An abundance model is what we might think of as the traditional method:  Assume there are an abundance of qualified talent for your role, cast a wide net via traditional job postings to multiple sites and / or engage multiple recruiters to feed talent into your pipeline, weed out the weak and marginal candidates until you’ve narrowed the field to only the best.  This model can be very effective for certain roles (e.g. if you’re looking for a large number of individual contributors) but too often this same methodology is errantly used to try and find highly specific talent with specialized skill sets.  And the assumption that there is an abundance of this type of talent can cause serious problems to an organization’s hiring process.

When the demand for talent is greater than the supply, a Scarcity Model should be utilized to attract the best talent, not the Abundance Model designed to weed out the weak.  The Abundance model is designed to hire the best person who applies, whereas the Scarcity Model seeks to find the best person available.  Often a company seeking a specialized talent will find that the Abundance model may provide a large number of applicants but those applicants do not represent a strong enough match to their criteria.  They will then try to raise the selection standards by tightening the talent filter, resulting in a smaller number of still unqualified talent.

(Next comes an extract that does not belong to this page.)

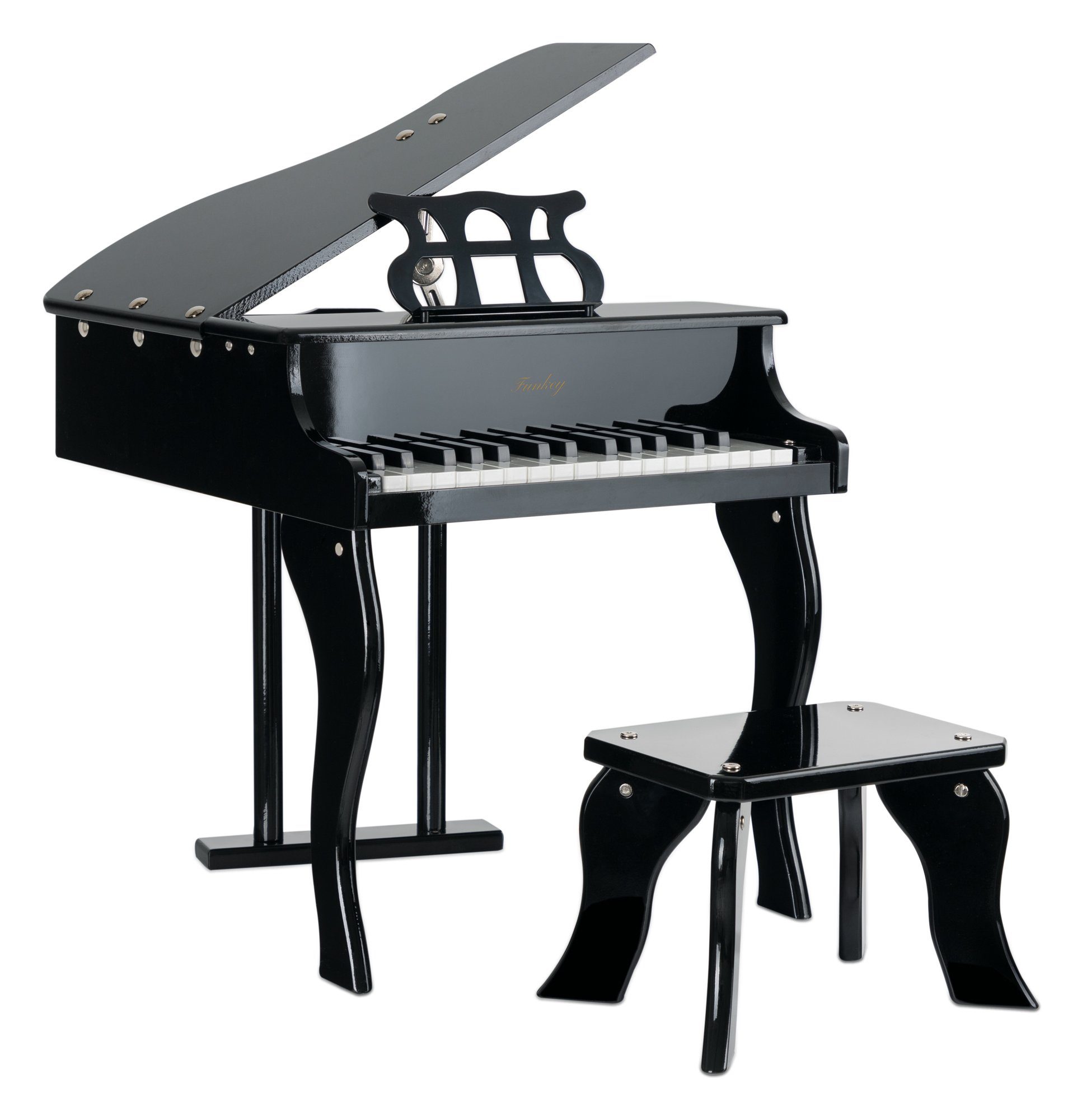 FunKey Spielzeug-Musikinstrument MGP-30 Mini Spielzeug Flügel - Metallophon in Flügel Optik - 30 Tasten ideal für kleine Kinderhände - Mit aufstellbarem Deckel und Pianobank, Einfacher Zusammenbau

If you are truly looking for the best talent, it’s best to employ the Scarcity Model.  This model starts from the strategic assumption that there is a shortage of the specific talent your organization is seeking.  It compels the hiring team to look at the role from a perspective of what constitutes success for the organization, rather than simply trying to fill bullet points in a job description.  The Scarcity Model seeks to construct an ideal talent profile based on a series of dynamic performance objectives that are realistic and measurable coupled with a look at what comprises an ideal career path for a talent, rather than a simple job description emphasizing skills, academics and required experience.  Designing a talent profile that not only highlights past performance indicators but clearly defines what the role is trying to accomplish in your organization is the first step to finding the right talent.  And a key part of the hiring process must be the involvement of hiring managers, not just internal Human Resources to be responsible and fully-engaged in the search.

Strategy should drive the tactics that are being used to hire, not the other way around.  Hiring situations are fundamentally different based on each company; using the tactics at one organization to drive the talent acquisition function at another makes little sense.  But employing the Scarcity Model will work no matter which company is using it.  Our philosophy at Hager Executive Search is to get the best talent, the strategy must be done first, the tactics flawlessly executed, and the principle of scarcity always assumed; otherwise the best talent will not be identified.